Without Griffin, the Clippers hustled to a 105-86 victory over a San Antonio Spurs team without Kawhi Leonard or Manu Ginobli. The Spurs began the night 10 games ahead of the Clippers in the standings, and even depleted they can win games like this one. But not on this night, not with the Clippers’ newfound defense and rebounding and Chris Paul’s scoring 15 of his 28 points in the fourth quarter.
The Clippers led the Spurs by as many as 20, watched them close it to five points early in the fourth, but then put it away with Paul’s shooting and three thundering ally-oop dunks by DeAndre Jordan that led Ballmer to leap out of his baseline seat and do something that frighteningly resembled the Nae Nae dance.
The Clippers are 19-5 without Griffin, and have found a defensive and ball-sharing rhythm that should remain strong when the humbled superstar returns in several weeks.
They are the last team to defeat both the Warriors and Spurs in the postseason. They have won big games in both places. They not only believe they still have a championship shot, they also believe it could be one of their two remaining championship shots with Paul and Griffin free to walk in the summer in 2017. This group’s title window is closing fast, so who can blame them for wanting to grab at every last breeze while they can?
“We’re always going all in,” said Rivers of the trade. “I don’t know if it’s that dramatic. We just thought it made us better.”
Enter Green, who has been the definition of mediocre in parts of two seasons with Memphis, but who shined under Rivers in Boston in 2012-2013, shooting 47%, including 39% from beyond the arc. He doesn’t have to be great, he just has to be solid in stretches, a guy who can hit a few big shots and fit into the system like Rivers’ failed acquisitions Josh Smith and Stephenson could not.
“I envision using him in a lot of ways,” River said of the 6-foot-9 Green. “I really wanted more length, you look at the teams we need to beat, we need to get longer and more athletic and increase our shooting. With Jeff we did all three of those things.”
The only really weird thing the Clippers did all night had nothing to do with their trade, but their tempest. They inexplicably tweeted a photo of Blake Griffin shaking hands with Matias Testi, the assistant equipment manager who Griffin recently punched, resulting in a broken hand and four-game suspension. The tweet was accompanied by the hashtag #Family, but should have instead included the hashtag #WhyAdvertiseIdiocy.
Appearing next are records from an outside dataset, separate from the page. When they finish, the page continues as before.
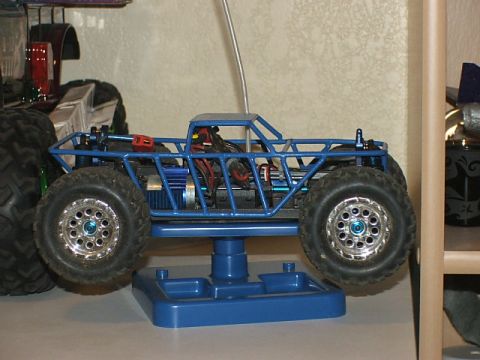 2000 Nissan Frontier - A blue remote control monster truck is displayed on a stand, with another vehicle partially visible to the left.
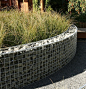 Gabions filled with graywacke pebbles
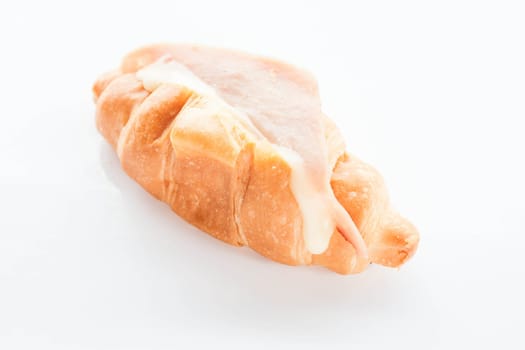 Mini ham cheese croissant isolated on white background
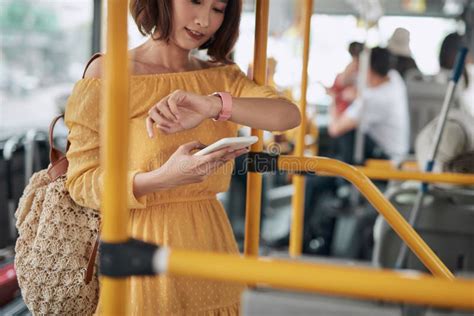 Beautiful Asian Woman Standing In The Bus Checking Time On Her Watch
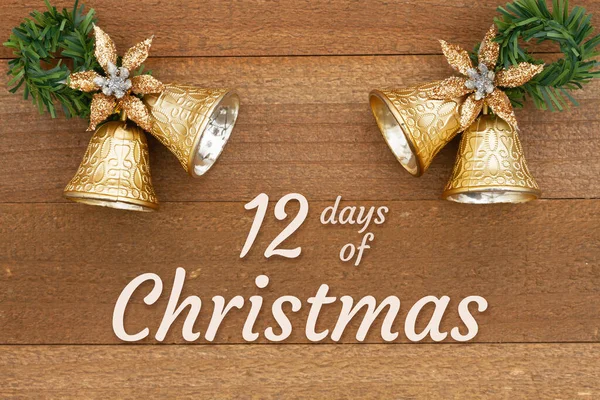 12 days of Christmas greeting with Christmas bells on weathered wood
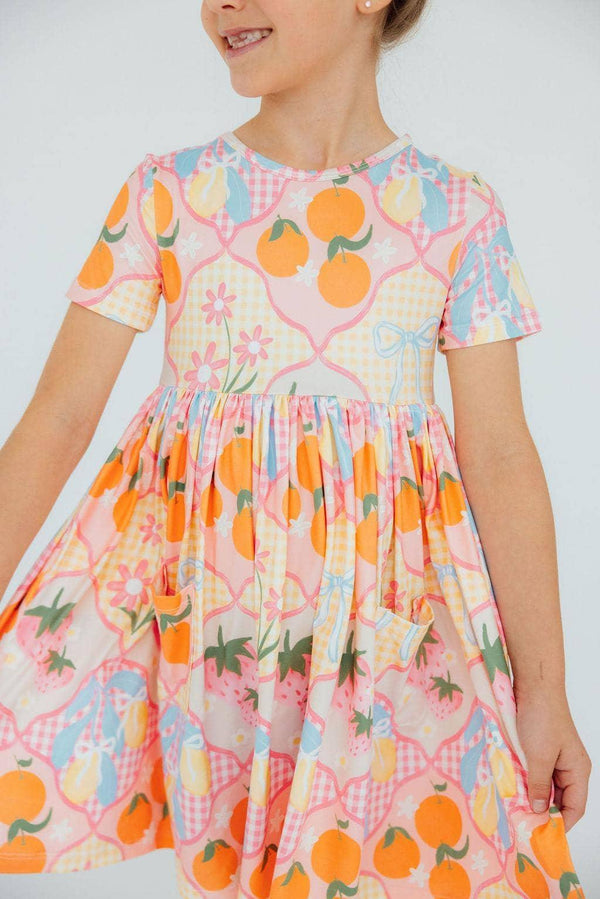 Girls short sleeve twirl pocket dress with colorful fruit and floral pattern for kids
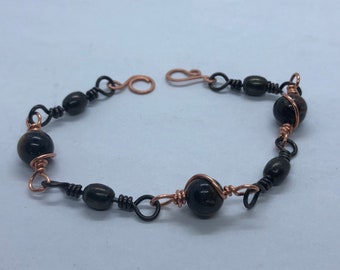 Copper wire, fishing swivel and tiger eye beaded bracelet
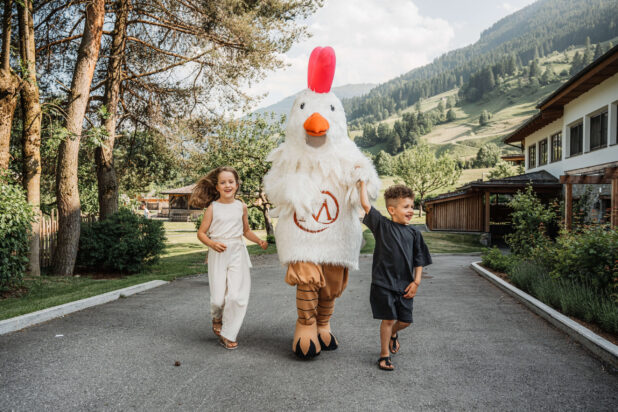 Maskottchen Gusti mit einem Mädchen und einem Jungen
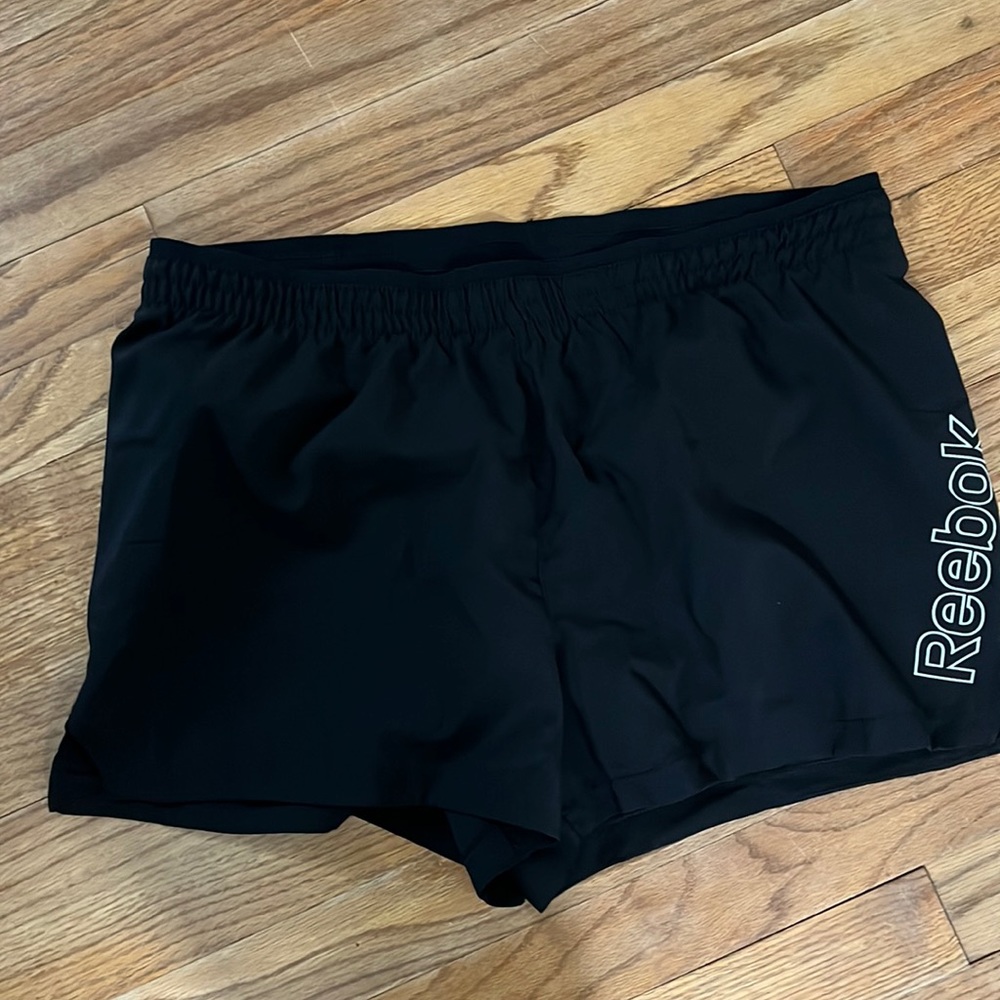 Reebok women’s running shorts. Never worn. Size L. Black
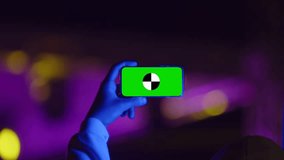 Male hand holds phone with chromakey over his head, shooting video at party, mockup. Concept of concert, party and holiday in neon color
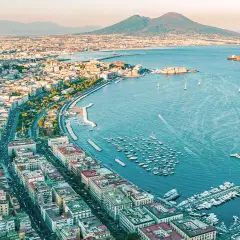 Widok na Neapol i Wezuwiusza. W oddali widać góry. W zatoce cumują łodzie. Można stąd ruszyć pociągiem do Sorrento.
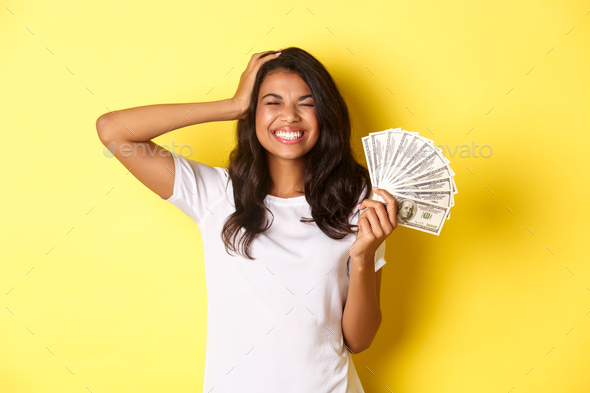 Image of beautiful african-american girl, winning money, smiling happy with eyes closed, feeling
Yes, this was Griffin’s and Testi’s first return to the sidelines since the punch, but Griffin has already publicly apologized, and Testi didn’t show up in the locker room during the pregame media availability, so the furor was basically finished until the Clippers brought it back up.
While the two men were truly friends, the handshake seems staged, the hashtag was forced, and the Internet immediately rained down its ridicule.
The Clippers don’t need any more theatrics. With 28 games remaining, both on the court and in the front office, they have shown they are all about real hope, and they’re all about it right now.